AI models like ChatGPT continue to amaze people with their ability to converse, explain, write, and even comfort. Many of us have had the same moment of astonishment: How can a machine talk like this? How can it solve problems, analyse literature, write code, and create art? To understand this, we have to look beneath the surface and ask a simple but essential question, “What are models like GPT-4 made of, and how are they trained to behave the way they do?” This article walks through the core ideas—slowly, clearly, and in plain English.
The AI Triad: Data, Algorithms, Compute
Every modern AI system rests on three pillars known as the AI Triad. Data is the text, images, audio, and other information the model learns from. Without data, the model knows nothing. Algorithms are the mathematical rules and procedures that learn patterns from the data and generate outputs. Compute refers to the specialised hardware—especially GPUs—that run the algorithms during training. These three components shape what an AI system can do, how powerful it becomes, and how safely it can be deployed.
Now let’s delve deeper into each pillar of the AI Triad.
Where Does the Data Come From?
Models like GPT-4 belong to a class of systems called large language models (LLMs). They are trained on massive collections of text gathered from publicly available parts of the internet, books and research papers, licensed data sets, human-written examples, code repositories and even multimodal sources (for image and audio capabilities). During training, the model reads massive amounts of text and gradually transforms that information into numerical patterns called parameters.
Parameters don’t store the original text. Instead, they store a kind of compressed mathematical representation of everything the model learned by reading the text. This compression happens because the model only keeps what is useful for predicting the next word, not the full text it saw. This is why the compression is lossy: the model keeps only what is useful for prediction.
However, the key question here is why is a LLM trying to predict the next word?
What Does It Mean to Train an AI Model?
A large language model is, at its core, a sophisticated mathematical function that predicts the next word or token (3Blue1Brown 0:43). For any text you give it, the model assigns a probability to all possible next tokens and chooses the most likely one or samples from the top few. This then leads us to the question how does the model learn to assign those probabilities? The answer lies in neural networks.

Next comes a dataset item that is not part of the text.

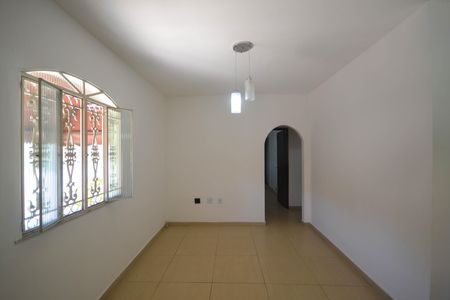 Casa para alugar com 190m², 4 quartos e 1 vagaSala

Neural Networks: Billions of Parameters Learning from Examples
A simple neural network might take an input x and compute an output y using parameters:
y = ax + b, where ‘a’ is a parameter and ‘b’ is a weight.
Now imagine this not with one equation but with hundreds of billions of adjustable parameters interacting in complex layers. These parameters start off random—meaning the model initially outputs gibberish. During training, the model is given part of a sentence as an input. It tries to predict the next token. Its prediction is then compared with the correct answer. A mathematical process called backpropagation slowly adjusts the parameters so that the correct answer becomes more likely next time.

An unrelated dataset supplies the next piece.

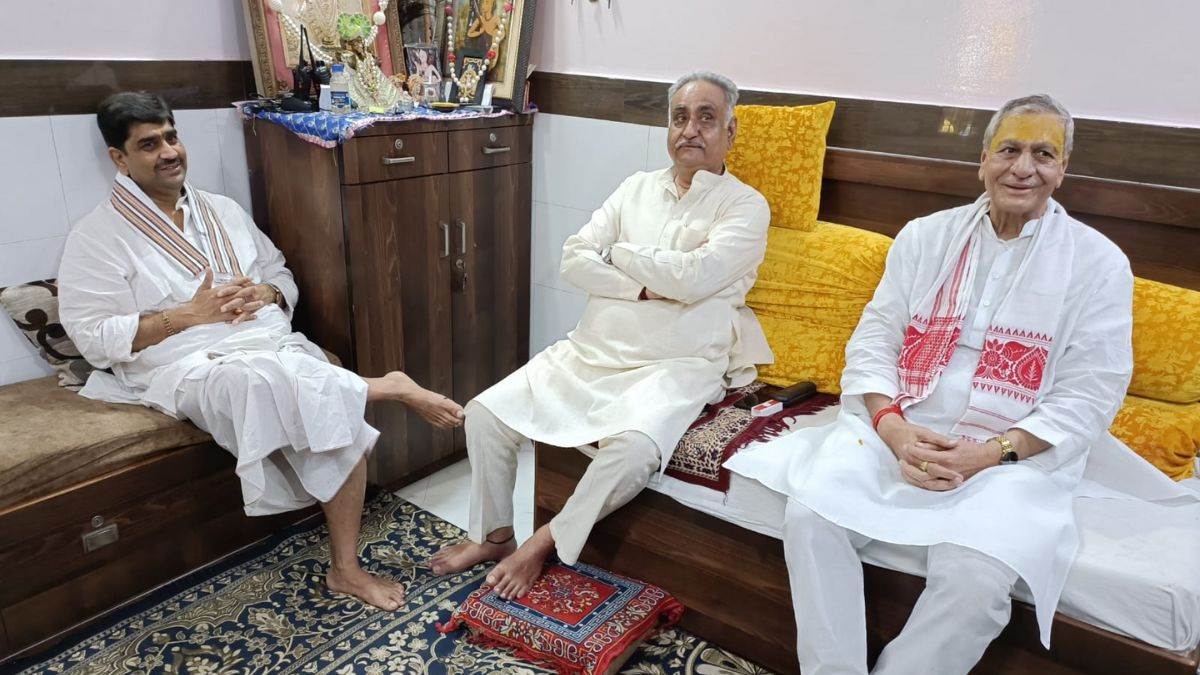 https://www.jagranimages.com/images/newimg/18082025/18_08_2025-laxmi_narayan_mtr_24016367.jpg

This process is repeated again and again trillions of times and eventually, the model becomes astonishingly good prediction and as a result at language. This is called as pretraining a model.
So do models keep processing one word at a time?

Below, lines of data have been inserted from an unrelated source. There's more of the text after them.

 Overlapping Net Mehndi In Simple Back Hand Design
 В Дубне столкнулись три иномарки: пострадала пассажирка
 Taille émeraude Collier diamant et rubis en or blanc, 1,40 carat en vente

Transformers and the Power of Parallel Processing
Older models processed text one word at a time. This became too slow as data sizes exploded.
The breakthrough came in 2017 when Google introduced the Transformer architecture, the design that powers modern AI systems (3Blue1Brown). Transformers have two key innovations.
Parallel Processing in Transformer models process text all at once, in parallel, rather than left to right. This requires enormous compute power, which is why modern GPUs (and now AI accelerators) are essential.
The process of Attention lets every word in a sentence “look at” every other word at the same time. This helps the model understand context, nuance, and meaning. For example, the word “sunny” means something different in “My name is Sunny” and in “It is a sunny day.” Attention helps the model tell the difference.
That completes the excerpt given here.